◆ **Exercise details**: Below are lines of records; copy exactly those from the one containing "Greek Orthodox Cross Necklace - diariostew" through the one containing "Krémový dětský koberec", leaving the pictures behind.

◆ **Source records**:
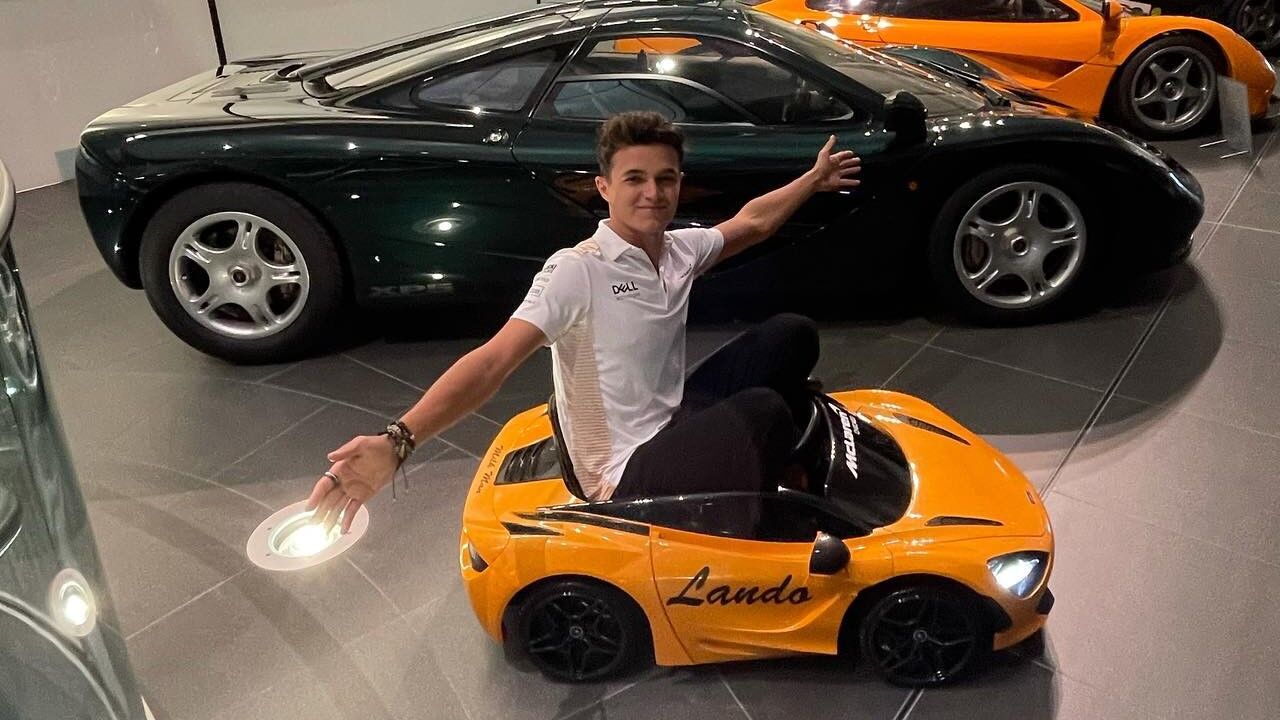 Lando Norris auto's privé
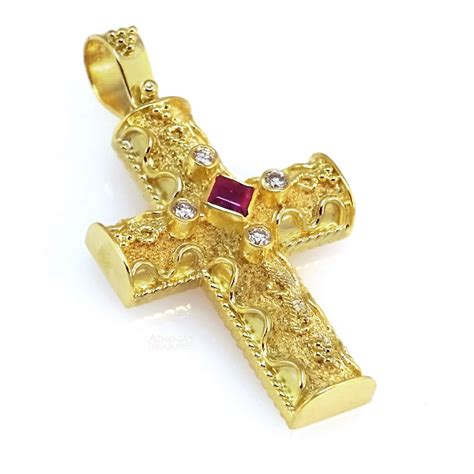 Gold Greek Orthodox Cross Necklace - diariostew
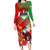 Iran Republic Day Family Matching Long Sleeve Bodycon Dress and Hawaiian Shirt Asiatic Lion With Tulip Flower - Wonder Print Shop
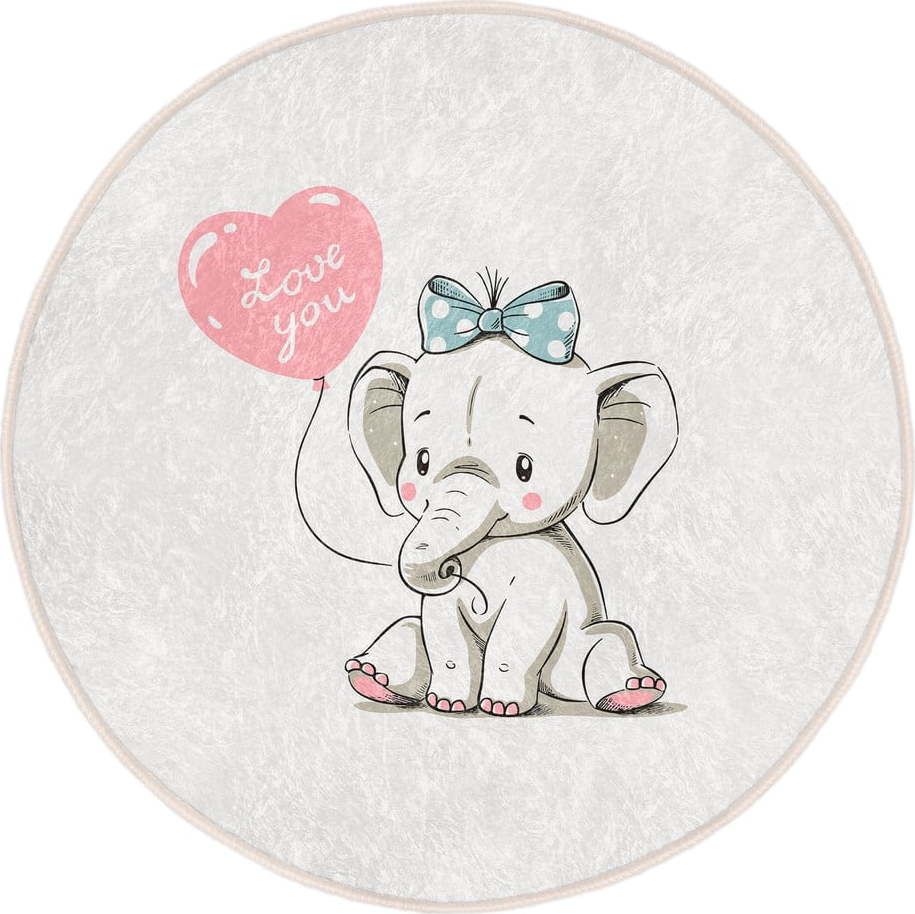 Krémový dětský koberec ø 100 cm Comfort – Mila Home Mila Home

--

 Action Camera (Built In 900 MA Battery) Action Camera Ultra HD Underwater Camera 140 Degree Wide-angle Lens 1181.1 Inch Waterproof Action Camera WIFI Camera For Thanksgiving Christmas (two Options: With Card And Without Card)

◆ **Result of the exercise**:
 Gold Greek Orthodox Cross Necklace - diariostew
 Iran Republic Day Family Matching Long Sleeve Bodycon Dress and Hawaiian Shirt Asiatic Lion With Tulip Flower - Wonder Print Shop
 Krémový dětský koberec ø 100 cm Comfort – Mila Home Mila Home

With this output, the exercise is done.